__Task__
Which lines run from the one containing "105-401 Athabasca Avenue, Fort" to the end of the entries below? Retype exactly those, both ends included.

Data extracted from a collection
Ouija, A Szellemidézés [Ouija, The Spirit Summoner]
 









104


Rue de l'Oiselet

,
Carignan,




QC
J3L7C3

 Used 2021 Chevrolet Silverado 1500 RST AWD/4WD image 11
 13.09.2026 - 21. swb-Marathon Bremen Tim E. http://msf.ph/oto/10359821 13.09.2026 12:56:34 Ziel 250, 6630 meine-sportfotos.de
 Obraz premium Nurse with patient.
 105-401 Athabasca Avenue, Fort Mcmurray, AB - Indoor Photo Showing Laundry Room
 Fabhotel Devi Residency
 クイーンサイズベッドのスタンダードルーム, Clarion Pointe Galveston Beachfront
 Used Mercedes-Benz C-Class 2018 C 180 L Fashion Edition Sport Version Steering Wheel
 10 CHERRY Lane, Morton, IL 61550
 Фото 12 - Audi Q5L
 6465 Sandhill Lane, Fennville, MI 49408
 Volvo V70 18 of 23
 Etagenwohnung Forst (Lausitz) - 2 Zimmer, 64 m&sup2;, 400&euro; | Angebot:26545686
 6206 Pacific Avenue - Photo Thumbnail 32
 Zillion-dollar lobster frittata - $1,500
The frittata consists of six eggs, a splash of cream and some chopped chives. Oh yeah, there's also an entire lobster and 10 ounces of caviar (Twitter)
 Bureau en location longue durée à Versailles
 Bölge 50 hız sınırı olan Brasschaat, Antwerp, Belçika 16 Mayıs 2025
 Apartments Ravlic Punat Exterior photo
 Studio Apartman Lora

__Solution below__
 105-401 Athabasca Avenue, Fort Mcmurray, AB - Indoor Photo Showing Laundry Room
 Fabhotel Devi Residency
 クイーンサイズベッドのスタンダードルーム, Clarion Pointe Galveston Beachfront
 Used Mercedes-Benz C-Class 2018 C 180 L Fashion Edition Sport Version Steering Wheel
 10 CHERRY Lane, Morton, IL 61550
 Фото 12 - Audi Q5L
 6465 Sandhill Lane, Fennville, MI 49408
 Volvo V70 18 of 23
 Etagenwohnung Forst (Lausitz) - 2 Zimmer, 64 m&sup2;, 400&euro; | Angebot:26545686
 6206 Pacific Avenue - Photo Thumbnail 32
 Zillion-dollar lobster frittata - $1,500
The frittata consists of six eggs, a splash of cream and some chopped chives. Oh yeah, there's also an entire lobster and 10 ounces of caviar (Twitter)
 Bureau en location longue durée à Versailles
 Bölge 50 hız sınırı olan Brasschaat, Antwerp, Belçika 16 Mayıs 2025
 Apartments Ravlic Punat Exterior photo
 Studio Apartman Lora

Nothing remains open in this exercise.